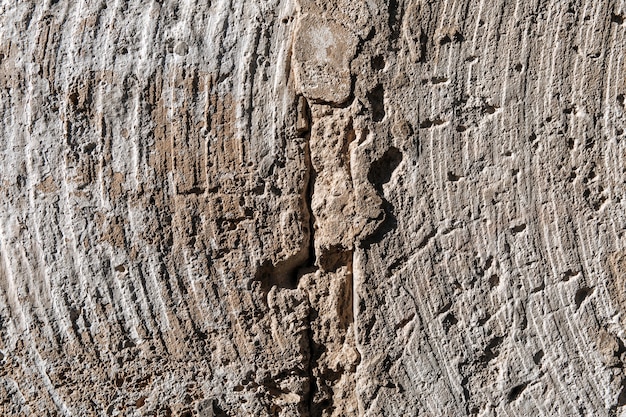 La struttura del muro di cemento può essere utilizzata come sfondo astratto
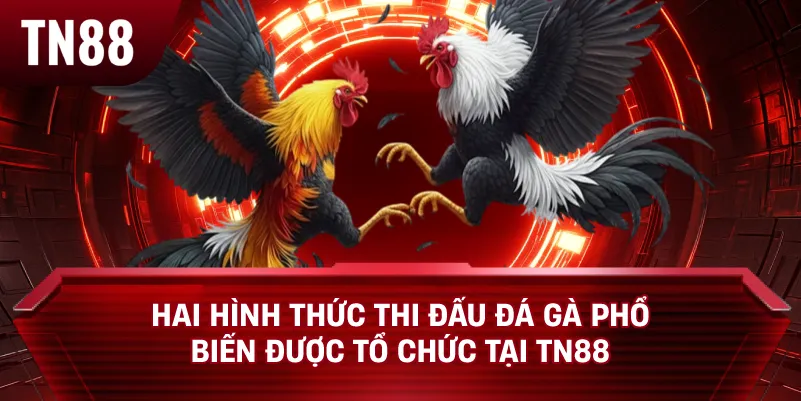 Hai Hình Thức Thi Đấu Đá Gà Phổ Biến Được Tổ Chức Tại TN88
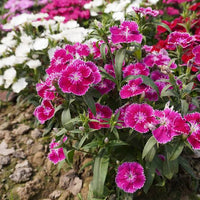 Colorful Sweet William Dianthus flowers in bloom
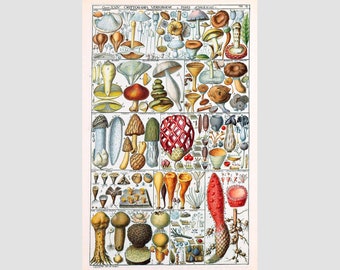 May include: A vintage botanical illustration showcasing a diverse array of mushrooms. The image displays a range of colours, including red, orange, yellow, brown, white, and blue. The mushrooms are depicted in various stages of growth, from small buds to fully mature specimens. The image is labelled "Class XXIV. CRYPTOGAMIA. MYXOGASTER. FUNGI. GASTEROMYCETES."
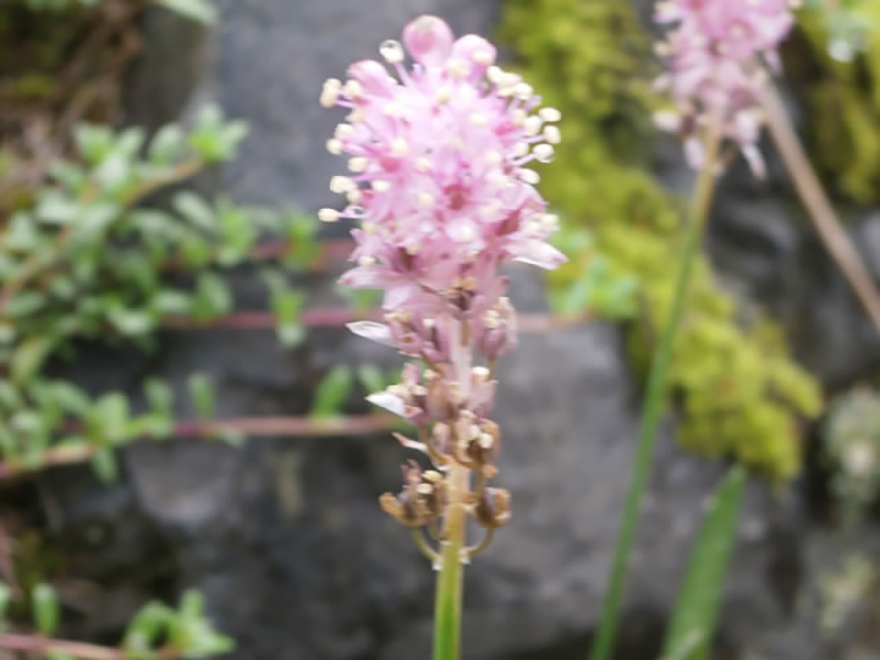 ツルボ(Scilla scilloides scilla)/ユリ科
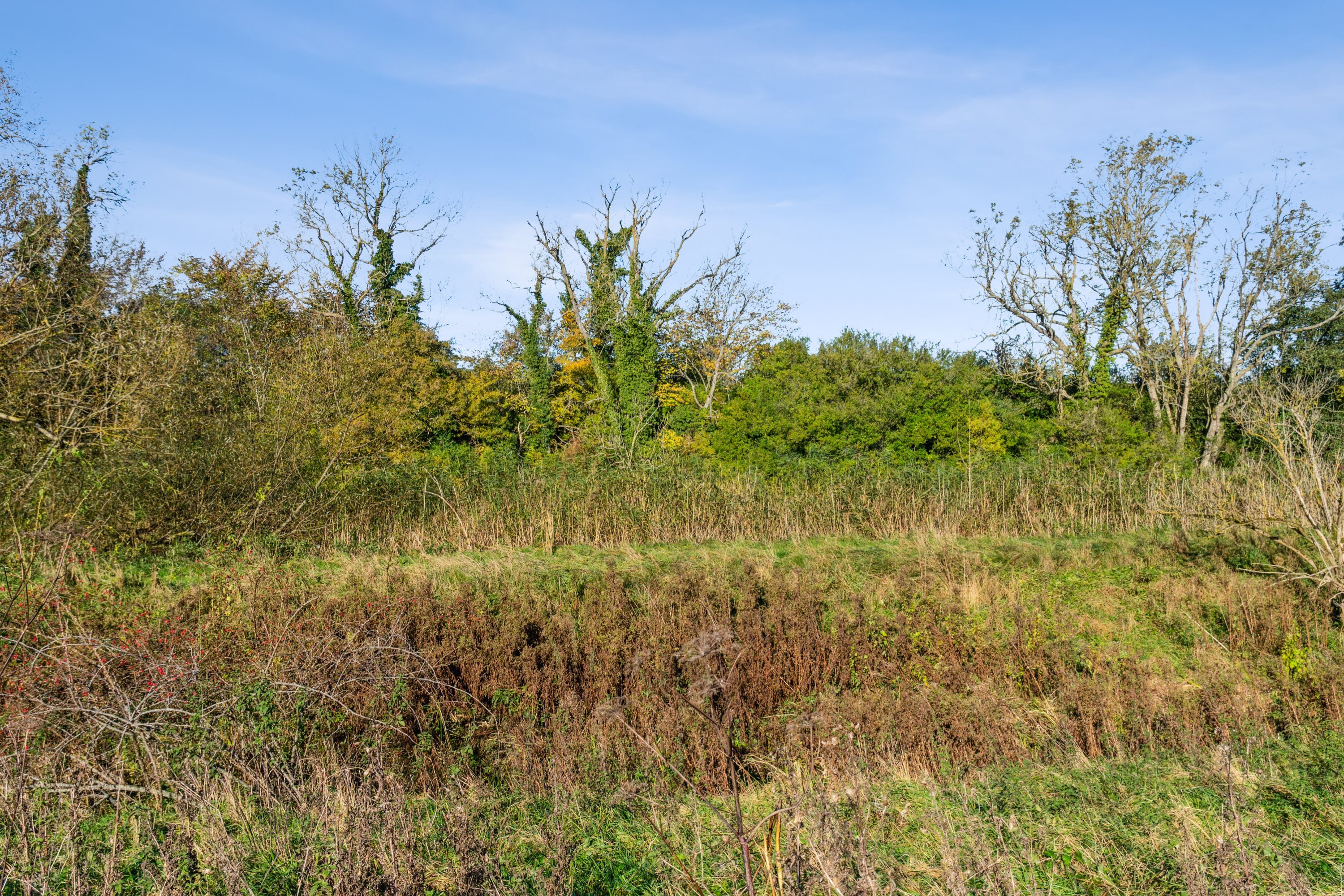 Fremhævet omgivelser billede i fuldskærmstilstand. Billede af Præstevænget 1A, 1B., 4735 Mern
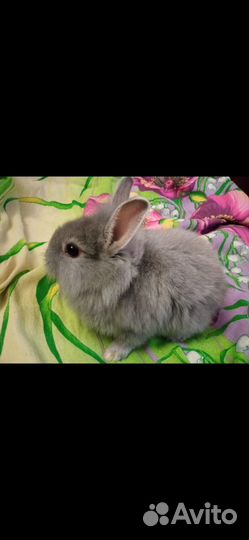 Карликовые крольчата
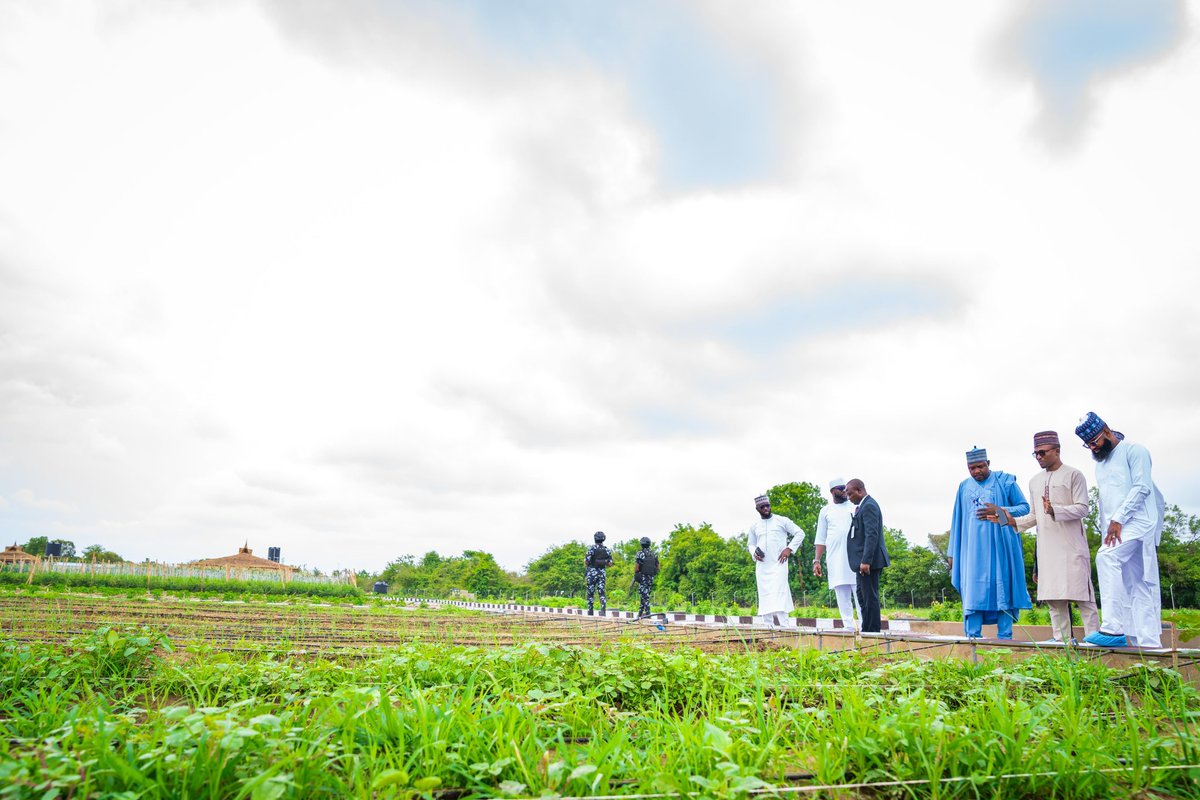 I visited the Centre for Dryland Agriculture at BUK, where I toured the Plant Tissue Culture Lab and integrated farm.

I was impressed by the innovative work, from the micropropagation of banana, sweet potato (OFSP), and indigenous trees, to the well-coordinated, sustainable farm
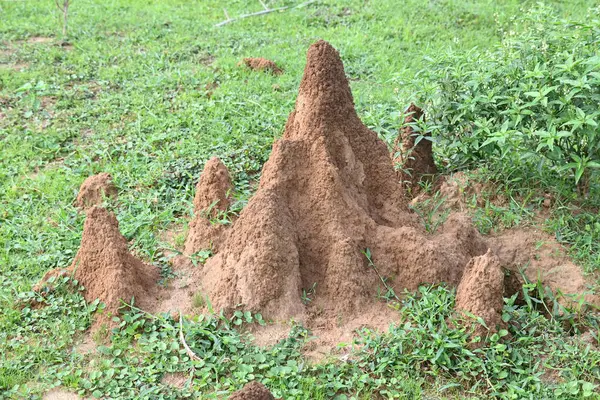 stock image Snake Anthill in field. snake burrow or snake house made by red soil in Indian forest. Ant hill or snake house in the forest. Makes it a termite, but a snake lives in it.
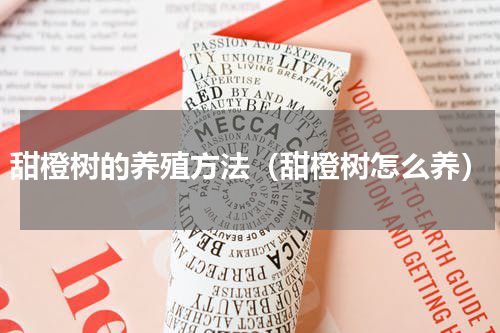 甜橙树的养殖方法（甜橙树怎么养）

==

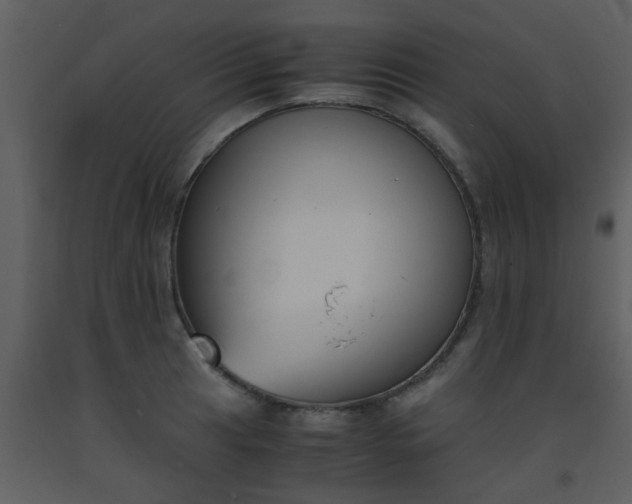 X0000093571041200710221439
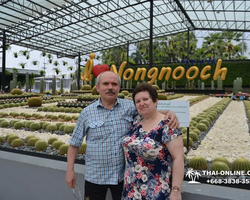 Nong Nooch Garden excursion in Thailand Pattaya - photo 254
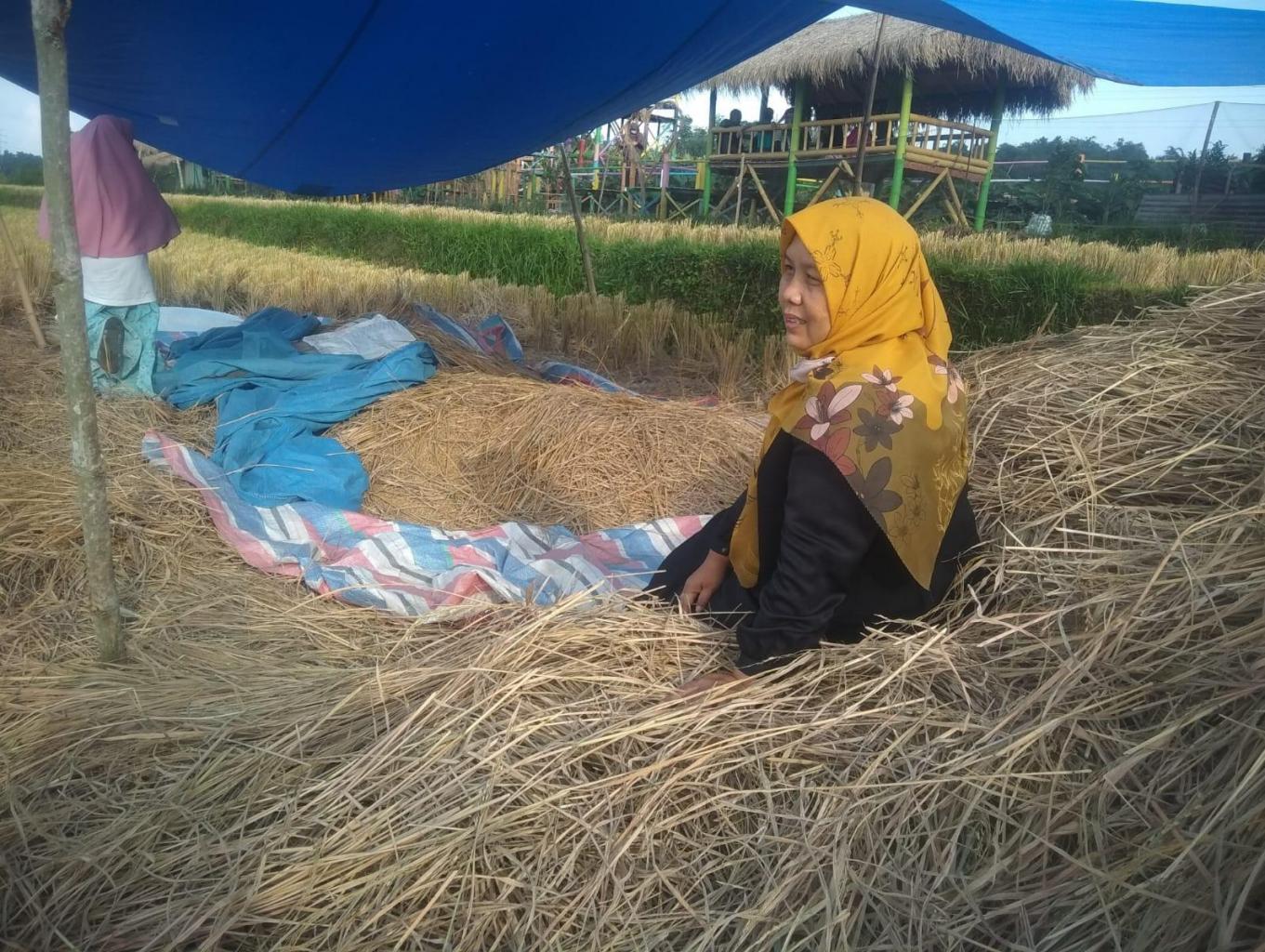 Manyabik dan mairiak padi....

...

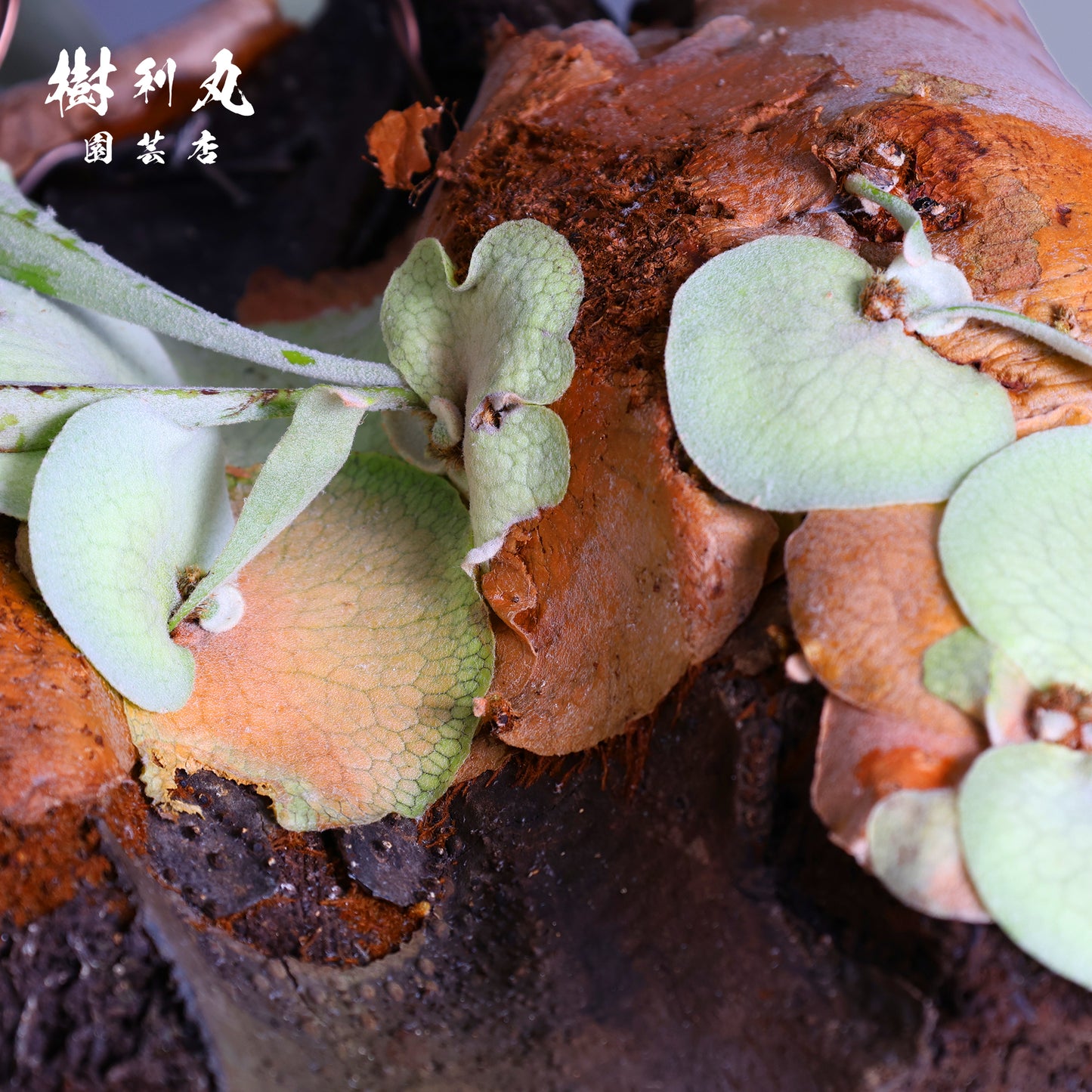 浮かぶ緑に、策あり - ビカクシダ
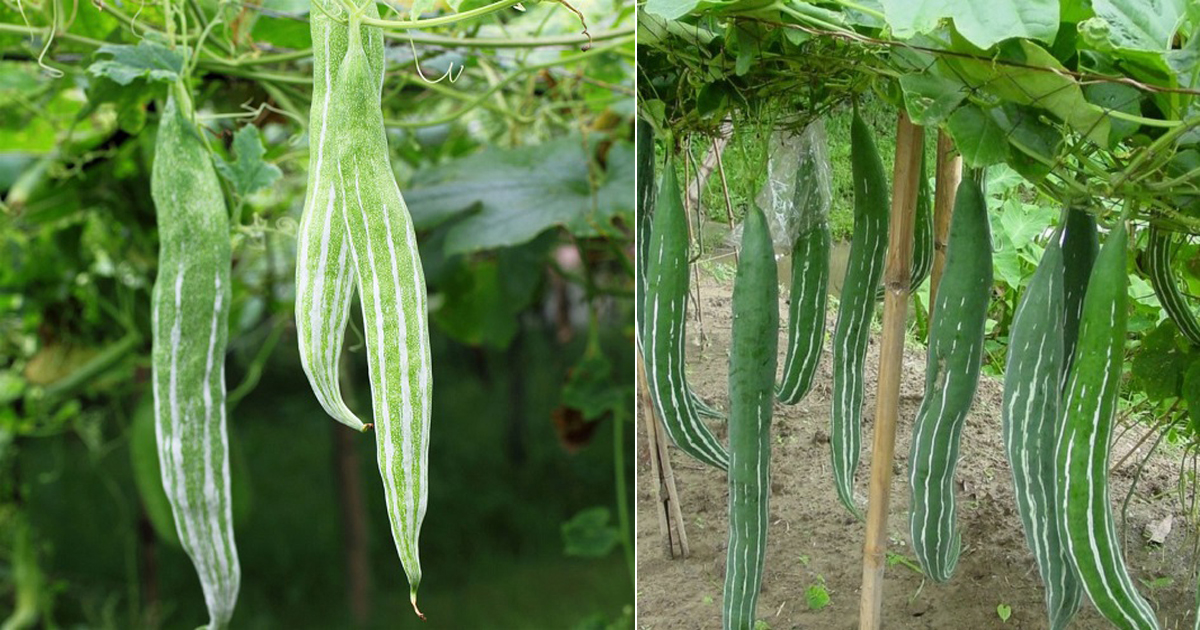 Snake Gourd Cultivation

**WHAT THE TASK ASKS:**
Starting with the line that contains "La struttura del" and finishing with the line that contains "甜橙树的养殖方法（甜橙树怎么养）", reproduce every line of the material above exactly, but not the pictures.

**ANSWER BOX:**
 La struttura del muro di cemento può essere utilizzata come sfondo astratto
 Hai Hình Thức Thi Đấu Đá Gà Phổ Biến Được Tổ Chức Tại TN88
 Colorful Sweet William Dianthus flowers in bloom
 May include: A vintage botanical illustration showcasing a diverse array of mushrooms. The image displays a range of colours, including red, orange, yellow, brown, white, and blue. The mushrooms are depicted in various stages of growth, from small buds to fully mature specimens. The image is labelled "Class XXIV. CRYPTOGAMIA. MYXOGASTER. FUNGI. GASTEROMYCETES."
 ツルボ(Scilla scilloides scilla)/ユリ科
 Fremhævet omgivelser billede i fuldskærmstilstand. Billede af Præstevænget 1A, 1B., 4735 Mern
 Карликовые крольчата
 I visited the Centre for Dryland Agriculture at BUK, where I toured the Plant Tissue Culture Lab and integrated farm.

I was impressed by the innovative work, from the micropropagation of banana, sweet potato (OFSP), and indigenous trees, to the well-coordinated, sustainable farm
 stock image Snake Anthill in field. snake burrow or snake house made by red soil in Indian forest. Ant hill or snake house in the forest. Makes it a termite, but a snake lives in it.
 甜橙树的养殖方法（甜橙树怎么养）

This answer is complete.